If you have learned to be serious in youth, you shall enjoy an
agreeable old age; but if the former be stamped with levity and
frivolity, the latter shall be fraught with sorrow and desolation. Do
not count on the charms of youth, it is a flower that shall very soon
fade, and like a bird on the wing, shall leave no trace behind it.
The lustre of your eyes now beaming delight shall soon grow dull; the
bloom shall depart from your cheek; the bright hopes that now fill
your soul shall give place to sad souvenirs; and your heart which is
now the abode of delight shall then be harrowed with sorrow and woe.

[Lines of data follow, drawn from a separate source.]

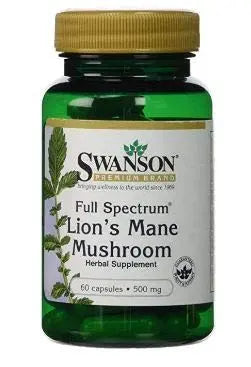 Swanson Lion's Mane Mushroom Capsules - 500 mg Each, 60 Capsules Swanson Au supplements
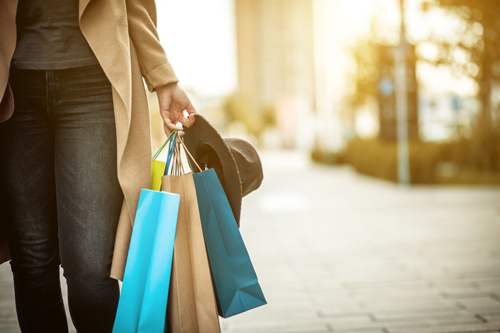 Person with shopping bags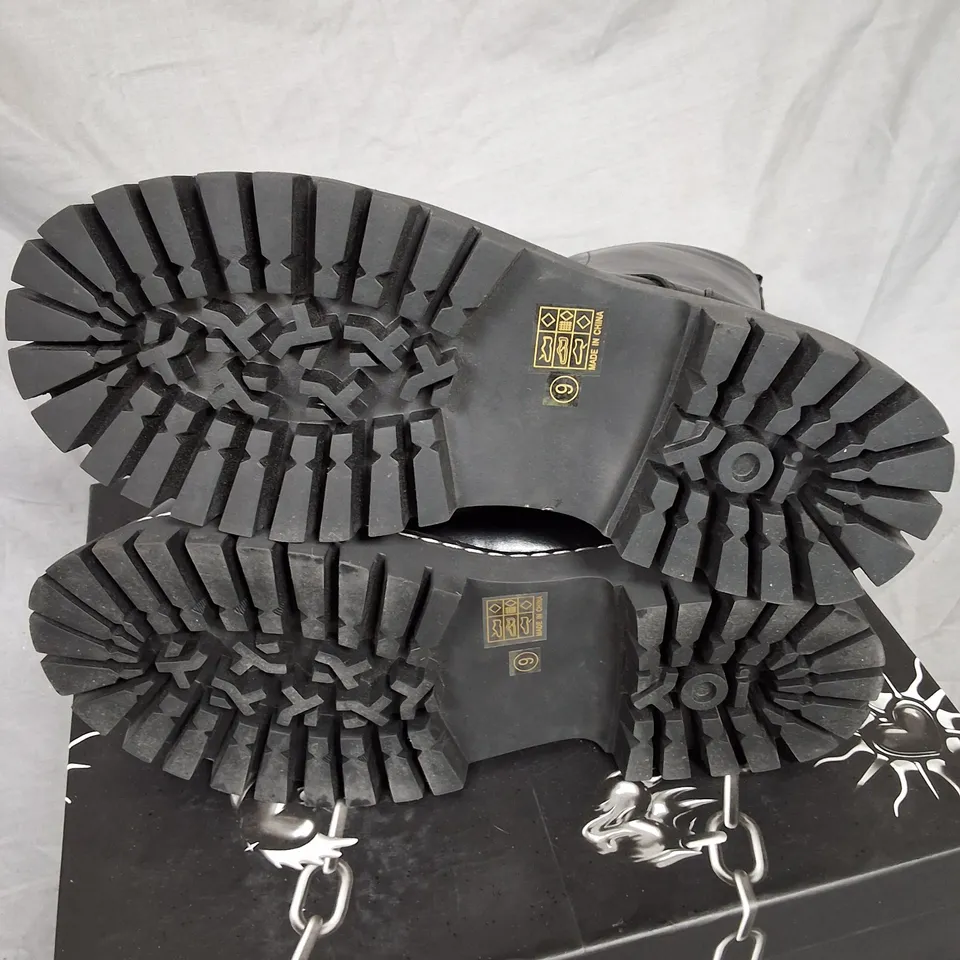 KOI ARASAKA MENS DOUBLE RAND MILITARY BOOTS IN BLACK - UK9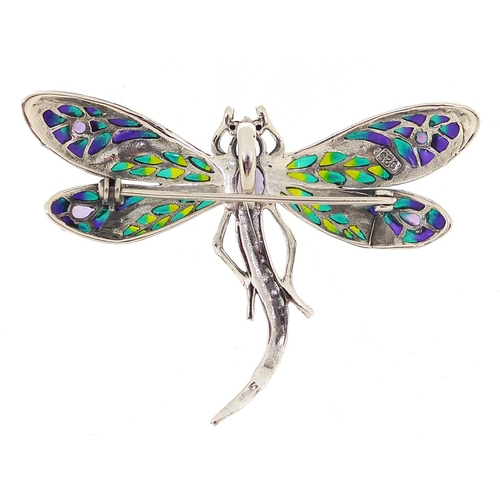 2156 - Silver marcasite and plique a jour enamelled dragonfly brooch pendant set with amethysts and rubies,...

To-day you are flattered and praised, then you shall be a castaway,
abandoned. All that will remain to you is God and your soul, with
whom you had never learned to converse or commune. Oh, sad, indeed,
is the old age of a frivolous youth!
CHAPTER XIV.
CHOICE OP COMPANIONS.
Since a predisposition to good and evil is found among persons of
all classes and ages; and as this predisposition is especially strong
at your age, when the sympathies are most tender, when the heart so
candid and open is ready to receive and reciprocate those secret
emanations that escape from the souls of loved ones; you require to
take more than ordinary precautions, since the danger to which these
circumstances expose you is indeed very great, and requires a
prudence superior to your years,--you must therefore look for it in
the advice of others, but more especially in that of your mother who
should be your first adviser in all things.